In [1]:
import torch
def randomize(*l,scale=10): # randomize the content of each tensor in l
  for x in l: x[...] = scale*torch.rand(1)*torch.rand(x.shape)
def div(u,v): return torch.amax(abs(v-u)).item() # divergence between two tensors

## Overparametrisation of torch.nn.MultiheadAttention

The purpose of this snippet is to show that the pytorch implementation of [MultiheadAttention](https://pytorch.org/docs/stable/generated/torch.nn.MultiheadAttention.html) is overparametrized in its management of biases.

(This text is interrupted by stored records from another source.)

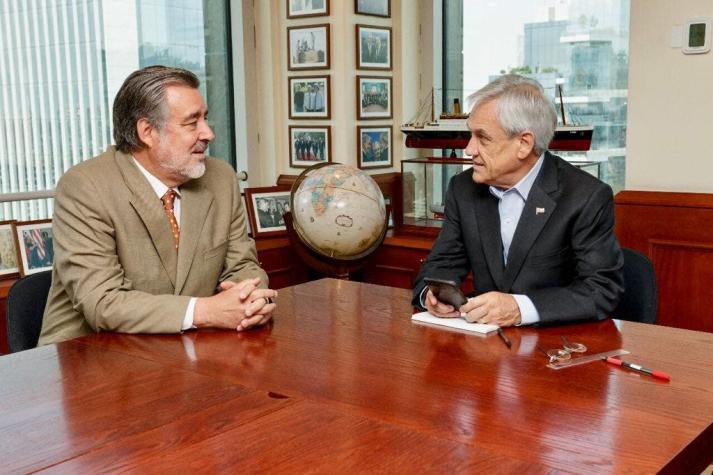 Guillier se reúne con Piñera y enfatiza necesidad de una "oposición colaborativa"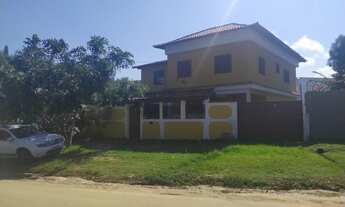 Imagem 2: Excelente imóvel com 06 quartos, sendo 01 suíte, sala de estar, sala de jantar, piscina, c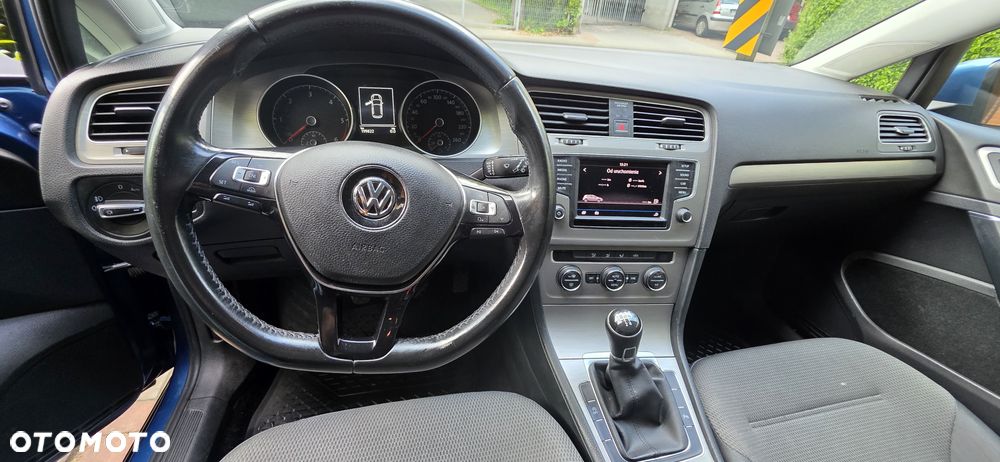 Volkswagen Golf 1.6 TDI BMT Comfortline - 9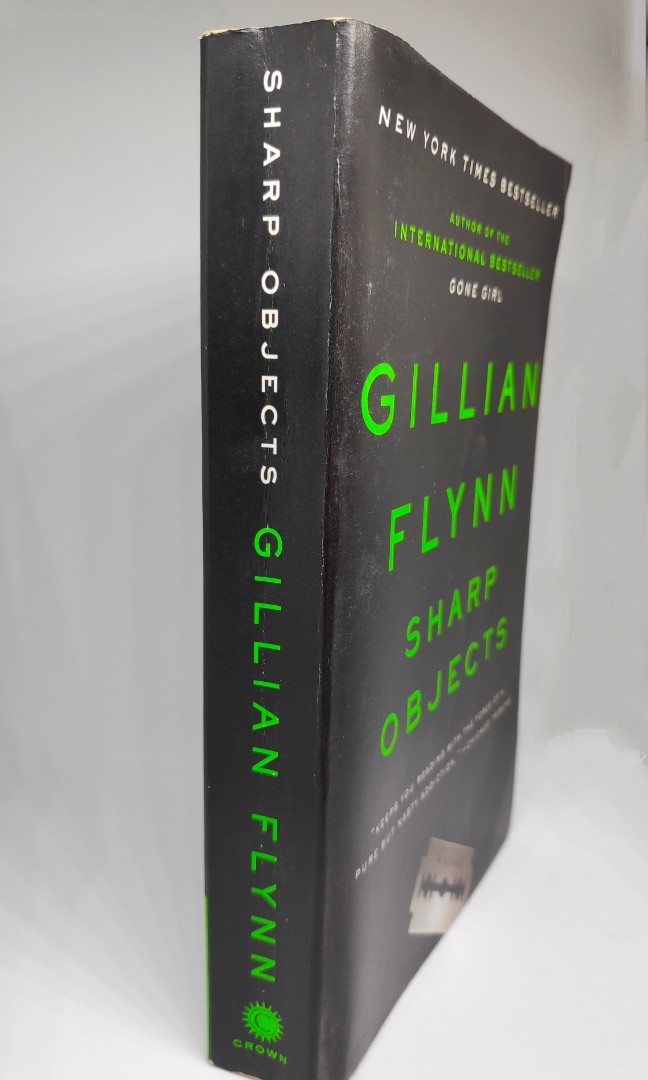 Novel Impor Sharp Objects Gillian Flynn Books Stationery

The bias for the query, key and value are held in attribute `in_proj_bias` (present by default, can be disabled by passing `bias=False` in the invocation).

The snippet shows that modifying the key bias does not change the result. Changing the other two biases does change the result.

This can be shown from the formula (although it is not explicitly given in the doc, one has to guess it) using the fact that softmax is invariant to an additive constant.

The practical consequence is that it spends some time at each iteration both
* forward, involving a parameter which does not change the result and
* backward, propagating null gradients to update it.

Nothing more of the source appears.